The leadoff assignment is a nod to the occasion, and the numbers behind the selection hold up on their own. Trout enters the break hitting .237 with 18 home runs, 39 RBIs and an .863 OPS across 78 games, with seven stolen bases. The batting average is thin, but the power has stayed on schedule — a home run roughly every four games — and the .863 OPS says the at-bats have been far more productive than the average suggests.

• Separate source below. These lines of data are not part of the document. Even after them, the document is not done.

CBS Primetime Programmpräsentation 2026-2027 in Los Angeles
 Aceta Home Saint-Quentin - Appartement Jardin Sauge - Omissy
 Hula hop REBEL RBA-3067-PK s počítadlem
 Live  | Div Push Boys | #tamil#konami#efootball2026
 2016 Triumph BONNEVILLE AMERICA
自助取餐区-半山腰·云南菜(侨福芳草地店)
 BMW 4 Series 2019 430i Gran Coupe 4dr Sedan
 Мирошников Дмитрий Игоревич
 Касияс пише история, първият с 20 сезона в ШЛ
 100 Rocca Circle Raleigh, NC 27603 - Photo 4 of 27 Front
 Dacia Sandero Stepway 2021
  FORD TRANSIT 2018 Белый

None of it has translated for the team around him. The Angels reached the break at 38-59, last in the AL West, 11.5 games behind Texas, and they lost their final two games before the break. Fair-minded accounting says the first half included real individual bright spots, Trout’s power chief among them, and also that the franchise has now played half a season without stringing enough of them together to matter. Tonight is a break from that ledger. A Millville kid who grew up in Phillies country gets introduced first, in front of what amounts to a home crowd, in a ballpark 40 miles from where he learned the game.
The second half will bring harder questions: whether the front office sells at the August 3 deadline, and which of the young position players earn September evaluation time. Those can wait a day.
For fantasy managers, Trout remains what the first half showed: a batting-average liability with top-25 power value. The 18 homers in 78 games project to a 35-plus pace over a full season, so he stays rostered everywhere and starts in three-outfielder formats, average be damned.